The industrial model also teaches how to produce on a rigid schedule, and we all know that assembly lines move on a rigid schedule.

Despite all the talk that schools are bad, they actually are exceedingly good at doing what they were designed to do: take in raw youths and produce compliant, punctual workers.

The problem is that our schools are designed to feed students into the industries that America no longer has.

All those jobs that initially moved to Japan and more recently to China, Vietnam and India not only led to the decline of industrial centers like Detroit, Youngstown, Ohio, and Gary, Indiana, they have led to the obsolescence of the American model of education.

Now there are various efforts to “reform” schools in some way.

Most of these efforts, charter schools and the like, are small adjustments in a model that more and more people say needs a major overhaul at the minimum.

In any case, these charter schools have come into existence to give students, guided by their parents, choices about where to go to school.

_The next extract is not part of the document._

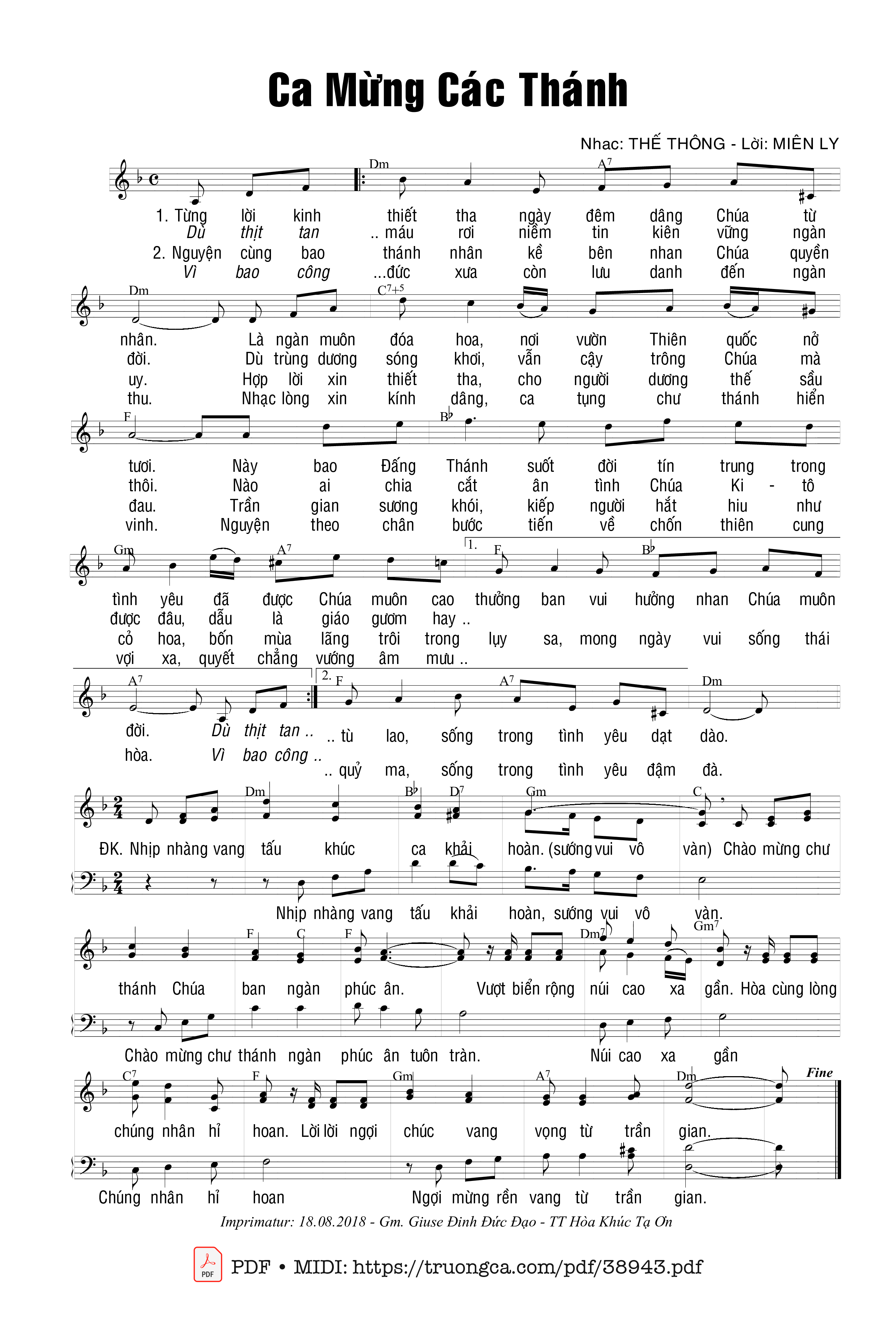 Trang 1 của Sheet nhạc PDF bài hát Ca Mừng Các Thánh - Thế Thông &Amp; Miên Ly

Competition, it is claimed, will force public schools to become better.

In other words, public schools, private schools, parochial schools and charter schools are all competing for the same student just like McDonalds, Burger King, Wendy’s and Five Guys are all competing for the same stomach.

Those folks who say schools should be run like businesses still think of the student as their product even though their customer, industry, has fled to the hinterlands and is unlikely to return no matter how compliant the students schools create.

The student who used to be the product of the school system is now the consumer, the customer.

So I think it is now essential to run schools like businesses.

Schools-as-businesses now need to focus on the student, figure out what the student wants, how much of it they want, in what kind of package, and where they want to buy it.

Schools and school systems need to sell themselves to their customers the same way Chevy, Ford and Toyota have to sell to drivers.

Now the problem of keeping students in high school is a marketing and management problem, not a legislative one.

Now creating schools that students want to attend will take more than new packaging and other tweaks.

It will take new products, new formulas and new locations.

This is big.

It’s like the day after Thanksgiving for retailers, now get the customers to come to your school.